"SANA 1.5: Efficient Scaling of Training-Time and Inference-Time Compute in Linear Diffusion Transformer"
Below podcast on this paper is generated with Google's Illuminate.
This paper introduces efficient scaling methods for text-to-image generation using linear Diffusion Transformers.
It tackles the increasing computational costs of larger models by proposing techniques for efficient training, model compression, and inference scaling, making high-quality image generation more accessible.
-----
https://arxiv.org/abs/2501.18427
1. Model growth via partial preservation initialization shows strong practical value. It avoids training large diffusion models from scratch. Reusing weights from smaller models accelerates convergence by 2.5x. This method stabilizes training by normalizing query and key in attention layers.

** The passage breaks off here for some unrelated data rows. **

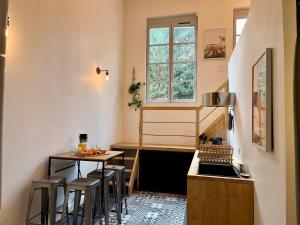 - une petite cuisine avec une table et quelques tabourets dans l'établissement Suite Coraline, à Lyon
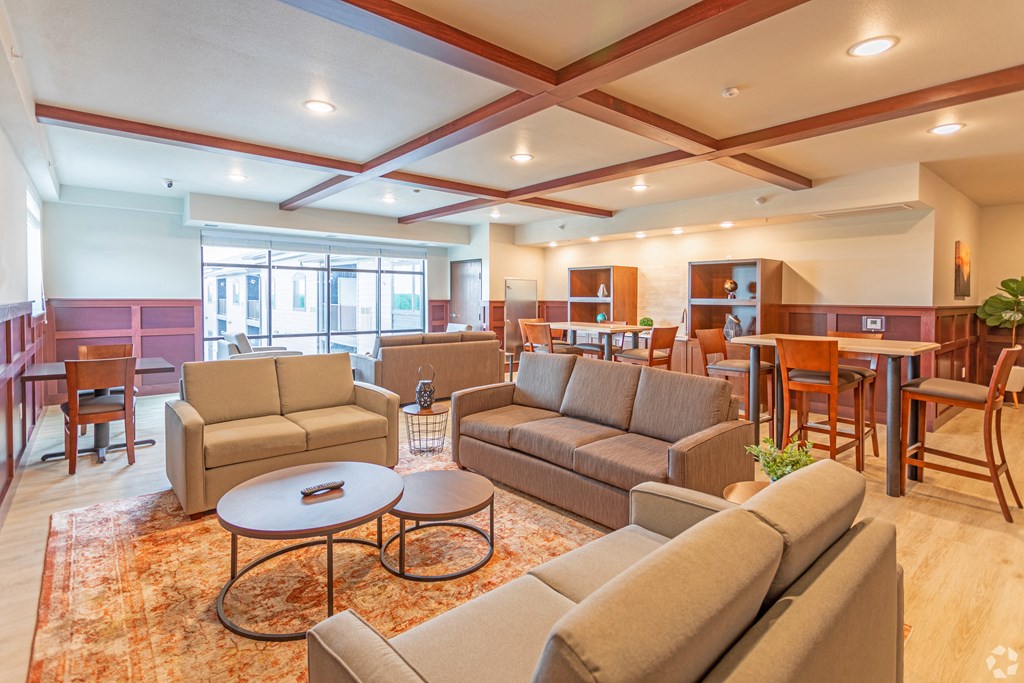 a living room and dining room with couches and chairs and a table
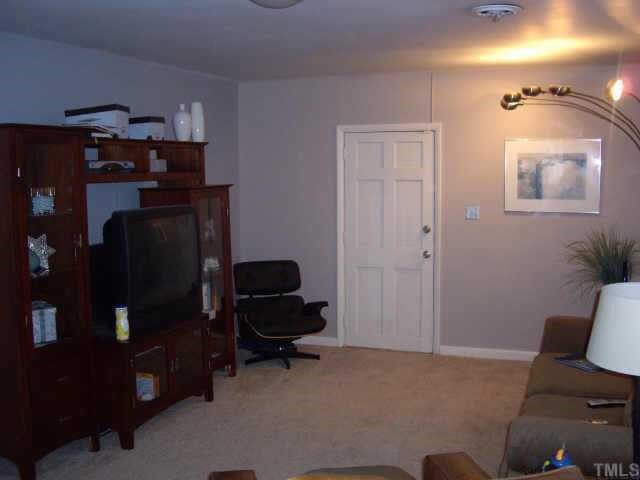 716 Chatham Lane Raleigh, NC 27610 - Photo 5 of 11 Need privacy to watch the BIG GAME? Lower level LR adjacent to possible office and/or exercise room Other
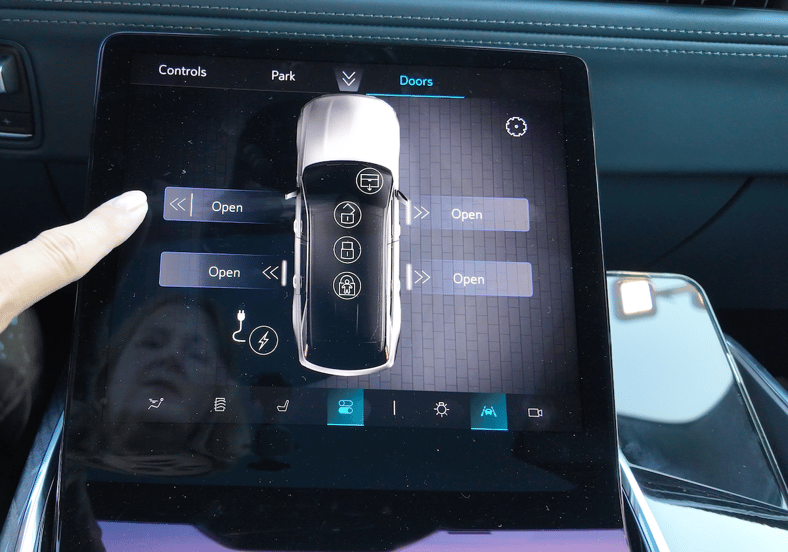 Buttons On The Command Screen In The Cadillac Escalade Iq Will Open Or Close The Doors For You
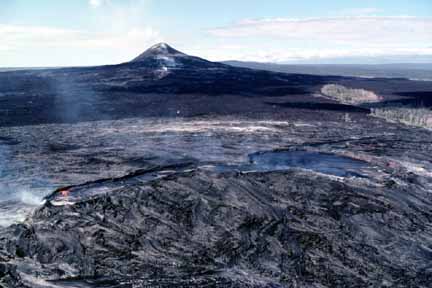 photo 038.  Low-elevation oblique aerial photo of small volcano in background and hot lava flows in foreground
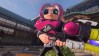 The first Splatoon 3 DLC adds new maps, weapons, and more: An animated child with octopus hair holds a water gun and stares straight ahead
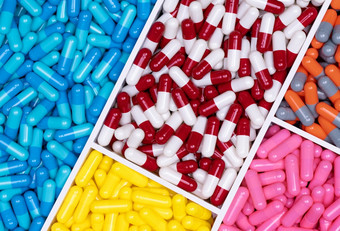前视图<strong>色彩斑斓</strong>的胶囊药片塑料托盘制药行业医疗保健和医学制药学概念维生素和补充胶囊完整的框架明亮的颜色胶囊药片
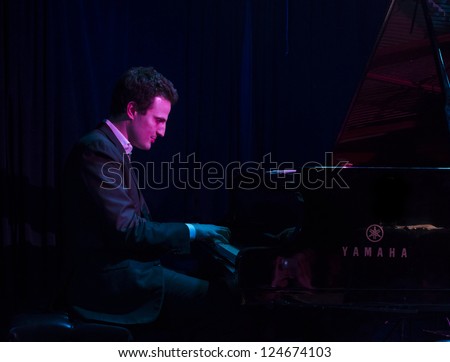NEW YORK - JANUARY 11: Ehud Asherie piano performs with Catherine Russell band on stage as part of NYC Winter Jazz Festival at Le Poisson Rouge on January 11, 2013 in New York City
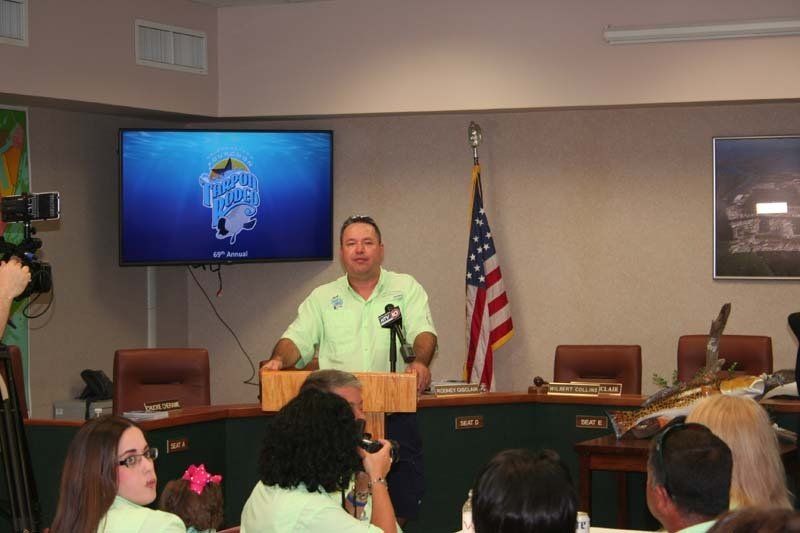 A man is giving a speech in front of a group of people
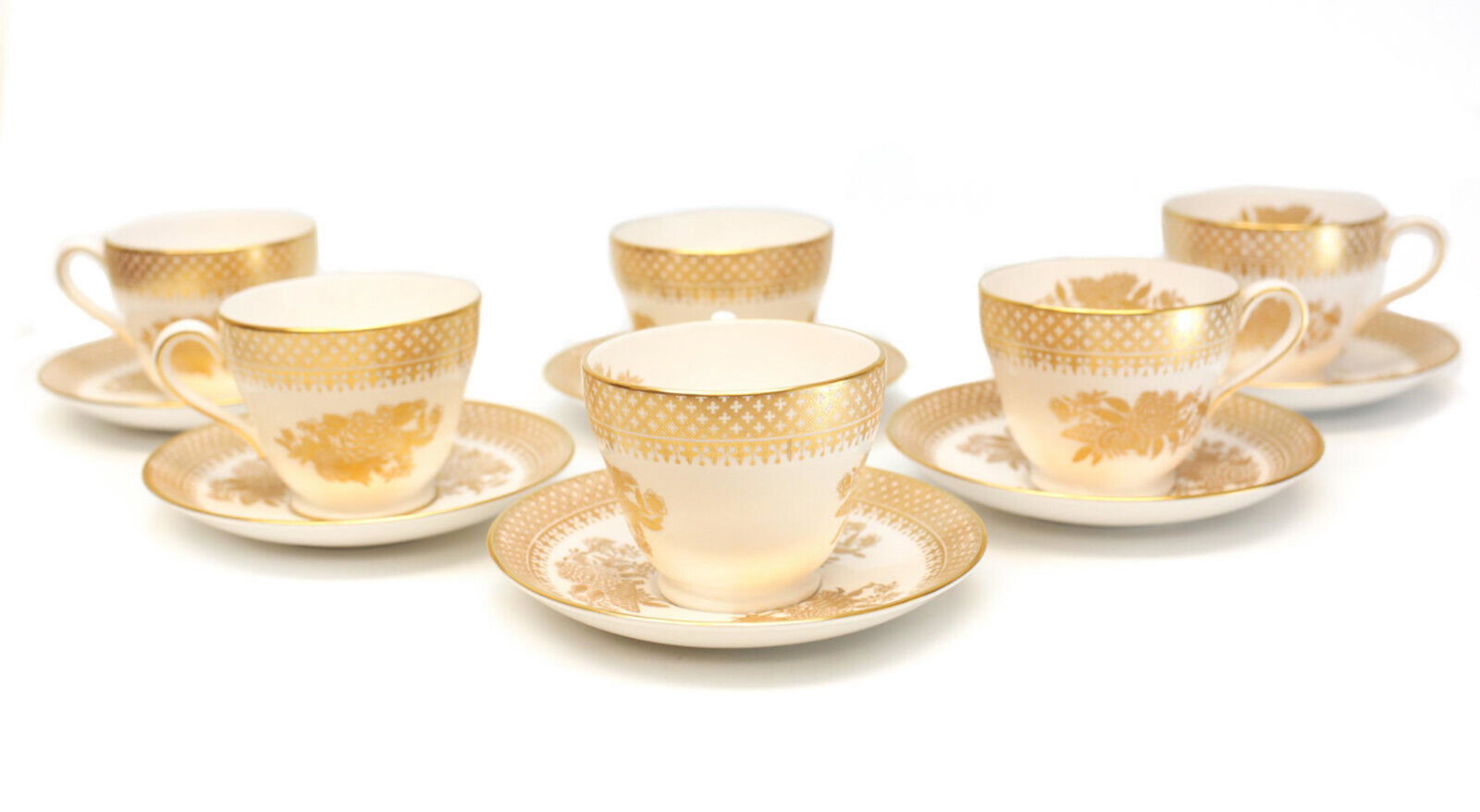 6 Spode Porcelain Gilt Cup & Saucers in Golden Clipper: 6 Spode England bone china porcelain gilt cup & saucers in Golden Clipper. Gilt floral bouquets decorations throughout. Cross designs around the rim. Spode mark to the underside. Weight Approx., 4 lbs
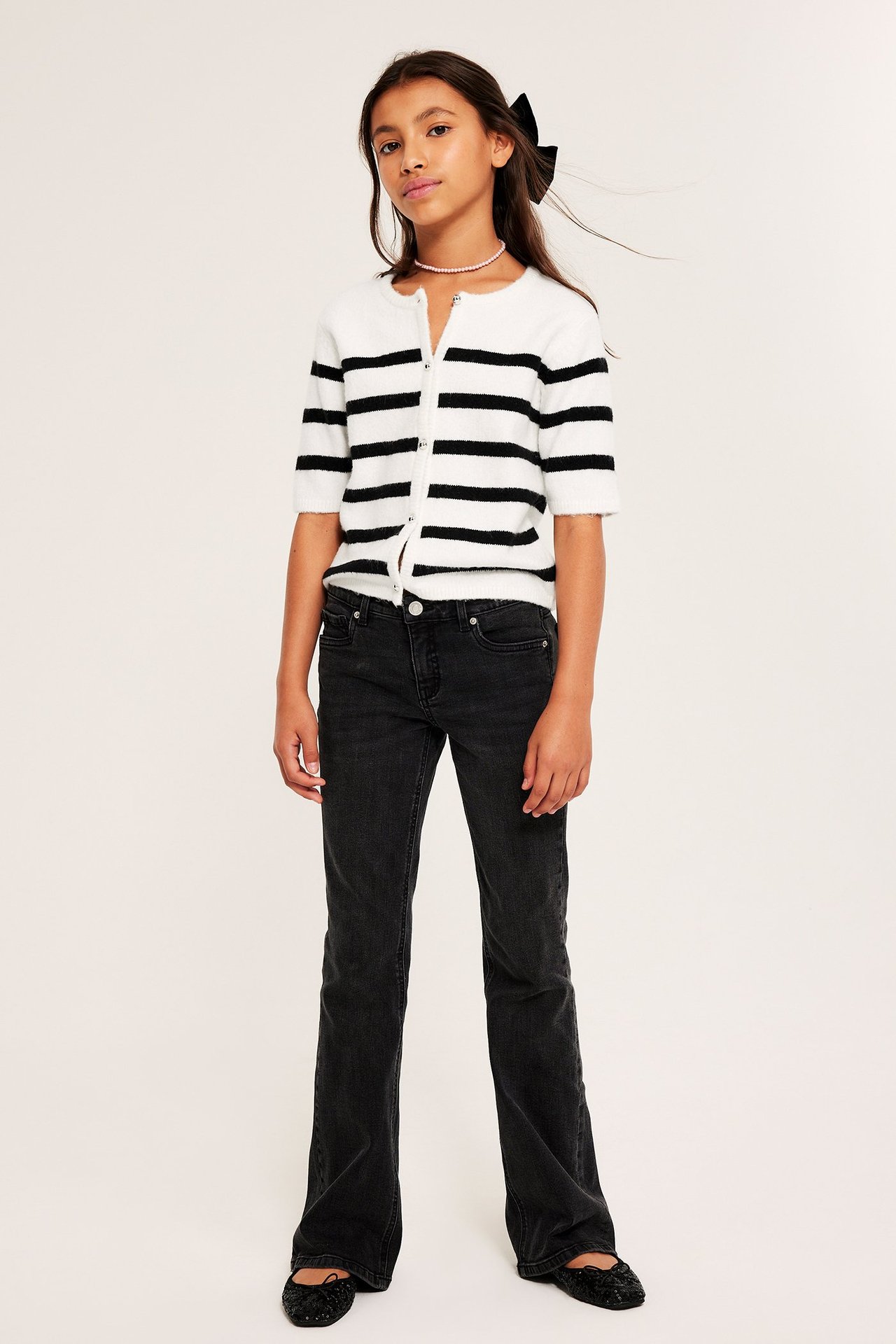 Frontvy: Barn i offwhite/svartrandig kortärmad knappkofta, svarta utsvängda jeans och svarta ballerinaskor.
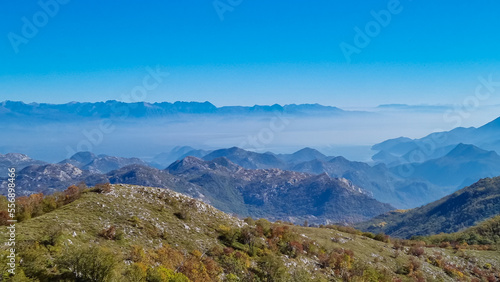 Panoramic view of dramatic karst mountain chains Dinaric Alps surrounding the Lake Skadar National Park seen from Goli Vrh, Montenegro, Balkan, Europe. Valley is covered by mystical fog, blue hills © Chris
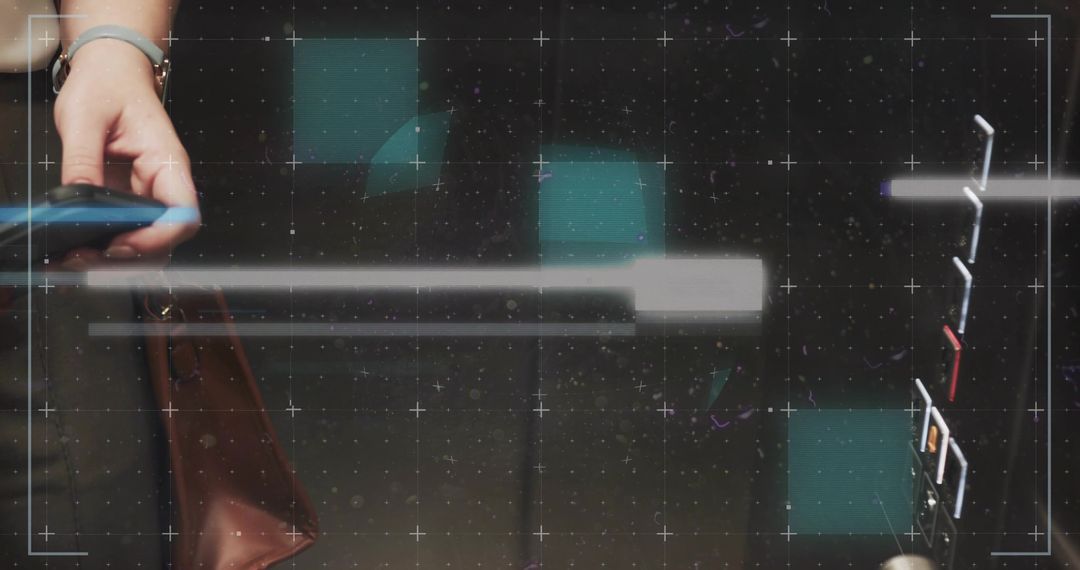 Left Hand Holding Smartphone in Modern Elevator with Digital Overlay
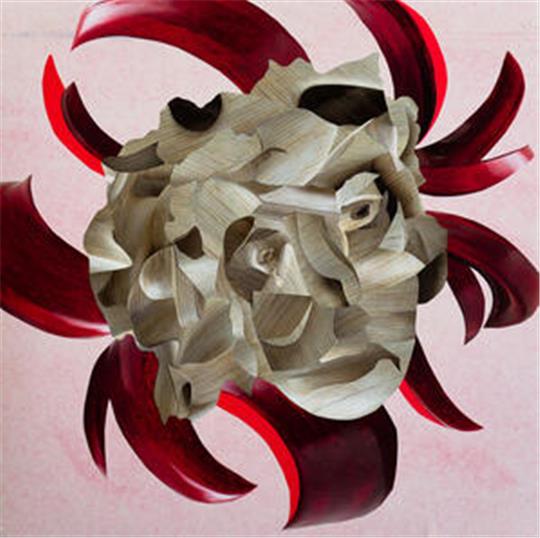 Skulptur eines menschlichen Gesichts aus hellbraunem Holz mit roten, geschwungenen Elementen im Hintergrund.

Dropping the last two pre-trained blocks further enhances learning in new blocks. This approach efficiently scales model capacity while saving compute.
2. Block importance-based pruning offers a flexible deployment strategy. Analyzing input-output similarity identifies less critical blocks. Pruning these blocks compresses the 4.8B model down to 1.6B with minimal quality loss. Fine-tuning for just 100 steps recovers performance. This enables efficient deployment across diverse resource constraints. Pruning offers a practical way to balance model size and generation quality.
3. Inference-time scaling with VLM-guided selection significantly boosts performance. Generating 2048 samples and selecting the best using NVILA improves GenEval score to 0.80. This demonstrates compute can compensate for smaller models. VLM judges filter out prompt-mismatching images effectively. Tournament-style comparison ensures robust selection. This method challenges the assumption that larger models are always necessary for better quality.
-----
Methods in this Paper ✨:
→ Efficient Training Scaling is achieved through a depth-growth paradigm.
→ A smaller 1.6B parameter model is expanded to 4.8B parameters by strategically adding new blocks.
→ Partial Preservation Initialization preserves pre-trained layers and initializes new layers randomly.
→ This method reduces training time by 60% compared to training from scratch.
→ Memory-efficient CAME-8bit optimizer with 8-bit quantization further reduces memory usage by approximately 8 times compared to AdamW-32bit.
→ Model Depth Pruning technique analyzes block importance based on input-output similarity.
→ Less important blocks are pruned, and model quality is recovered with minimal fine-tuning.
→ Inference-time Scaling involves repeated sampling and VLM-based selection.
→ Generating multiple samples and selecting the best using a Visual Language Model improves quality.
→ This allows smaller models to achieve quality comparable to larger models by trading compute for capacity.
-----
Key Insights from this Paper 🤔:
→ Efficient scaling can be achieved through optimization strategies, not just by increasing model size.
→ Reusing knowledge from smaller models via model growth significantly reduces training costs.
→ Block importance analysis allows for effective model compression through depth pruning.
→ Inference-time scaling demonstrates that computational resources can substitute for model capacity to enhance generation quality.
→ Partial Preservation Initialization strategy provides stable training dynamics for model growth.
-----
Results 🚀:
→ Achieves a text-image alignment score of 0.72 on GenEval.
→ Inference scaling further improves GenEval score to 0.80, establishing a new state-of-the-art.
→ Reduces training time by 60% compared to training from scratch using model growth.
→ CAME-8bit optimizer reduces memory consumption by 25% compared to AdamW.